A slightly more complicated case:
{
Bar bar;
try {
do_something();
} catch (...) {
foo(bar);
throw;
}
foo(bar);
}
versus
{
Bar bar;
scope_guard<[&]{foo(bar);}> sg;
do_something();
}
The lifetime of bar
entirely contains the lifetime of sg
and its held lambda (destructors are called in reverse order) but the lambda held by sg
still has to hold a reference to bar
. I mean for example int x; auto l = [&]{return x;};
gives sizeof(l) == 8
on my 64-bit system.
Is there maybe some template metaprogramming magic that achieve the scope_guard
sugar without any overhead?
If by overhead you mean how much space is occupied by scope-guard variable then zero overhead is possible if functional object is compile-time value. I've coded small snippet to illustrate this:
#include <iostream>
template <auto F>
class ScopeGuard {
public:
~ScopeGuard() { F(); }
};
void Cleanup() {
std::cout << "Cleanup func..." << std::endl;
}
int main() {
{
char a = 0;
ScopeGuard<&Cleanup> sg;
char b = 0;
std::cout << "Stack difference "
<< int(&a - &b - sizeof(char)) << std::endl;
}
{
auto constexpr f = []{
std::cout << "Cleanup lambda..." << std::endl; };
char a = 0;
ScopeGuard<f> sg;
char b = 0;
std::cout << "Stack difference "
<< int(&a - &b - sizeof(char)) << std::endl;
}
}
Output:
Stack difference 0
Cleanup func...
Stack difference 0
Cleanup lambda...
Code above doesn't create even a single byte on a stack, because any class variable that has no fields occupies on stack 0 bytes, this is one of obvious optimizations that is done by any compiler. Of course unless you take a pointer to such object then compiler is obliged to create 1-byte memory object. But in your case you don't take address to scoped guard.
You can see that there is not a single byte occupied by looking at Try it online!
link above the code, it shows assembler output of CLang.
To have no fields at all scoped guard class should only use compile-time function object, like global function pointer of lambda without capture. This two kinds of objects are used in my code above.
In code above you can even see that I outputted stack difference of char variable before and after scoped guard variable to show that scoped guard actually occupies 0 bytes.
Lets go a bit further and make possibility to have non-compile-time values of functional objects.

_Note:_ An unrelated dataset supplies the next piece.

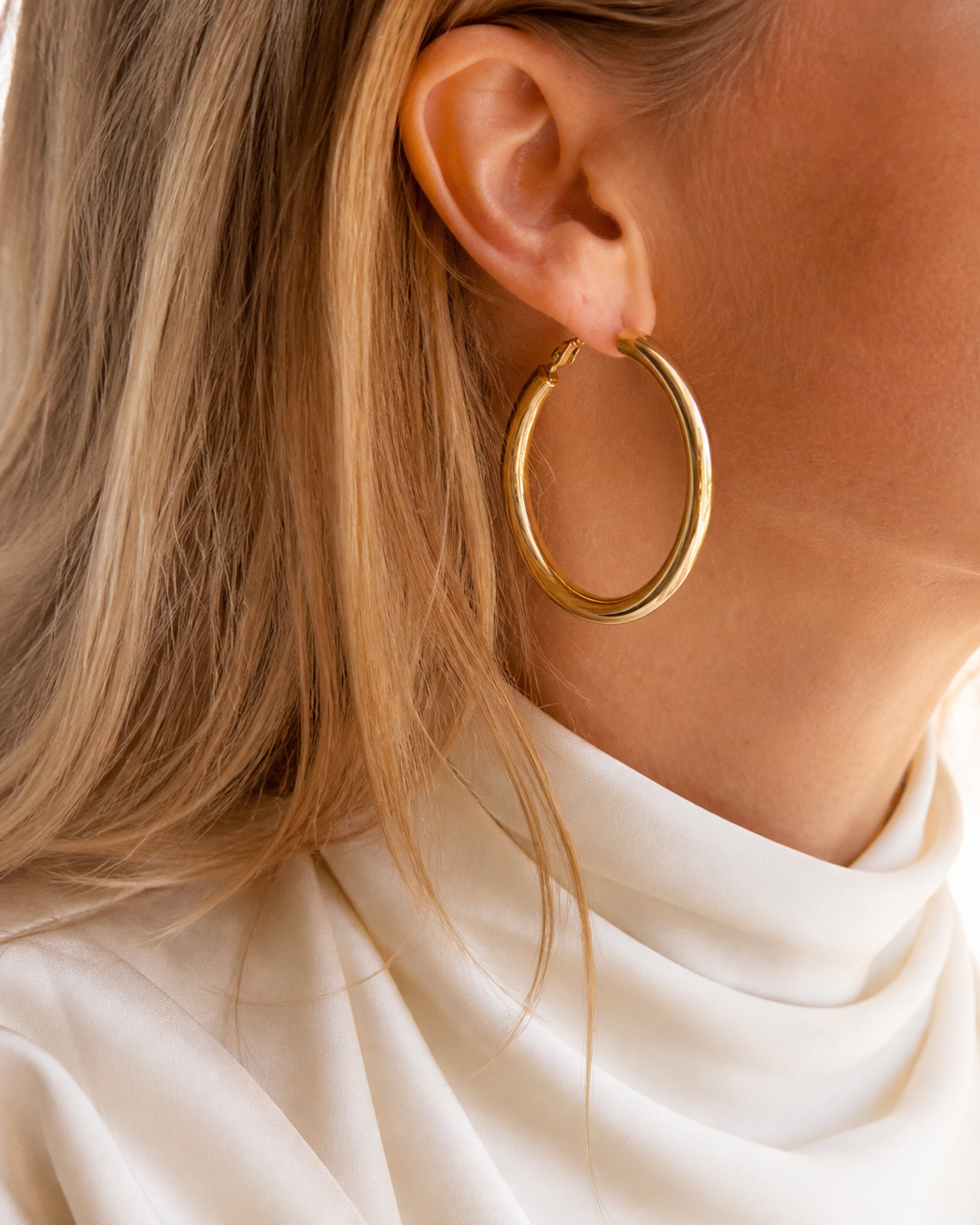 Model wearing Evara Statement Hoops in gold [finish:gold]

For this again we create class with no fields, but now store all functional objects inside one shared vector with thread local storage.

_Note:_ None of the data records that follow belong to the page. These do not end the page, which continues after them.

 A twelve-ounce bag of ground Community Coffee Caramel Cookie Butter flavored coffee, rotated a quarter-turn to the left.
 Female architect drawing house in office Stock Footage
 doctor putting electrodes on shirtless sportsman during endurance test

Again as we have no fields in class and don't take any pointer to scoped guard object then compiler doesn't create not a single byte for scoped guard object on stack.
But instead single shared vector is allocated in heap. This way you can trade stack storage for heap storage if you're out of stack memory.
Also having shared vector will allow us to use as few memory as possible, because vector uses only as much memory as many there are nested blocks that use scoped guard. If all scoped guards are located sequentially in different blocks then vector will have just 1 element inside so using just few bytes of memory for all scoped guards that were used.
Why heap memory of shared vector is more economical memory-wise than stack-stored memory of scoped guard. Because in case of stack memory if you have several sequential blocks of guards:
void test() {
{
ScopeGuard sg(f0);
}
{
ScopeGuard sg(f1);
}
{
ScopeGuard sg(f2);
}
}
then all 3 guards occupy tripple amount of memory on stack, because for each function like test()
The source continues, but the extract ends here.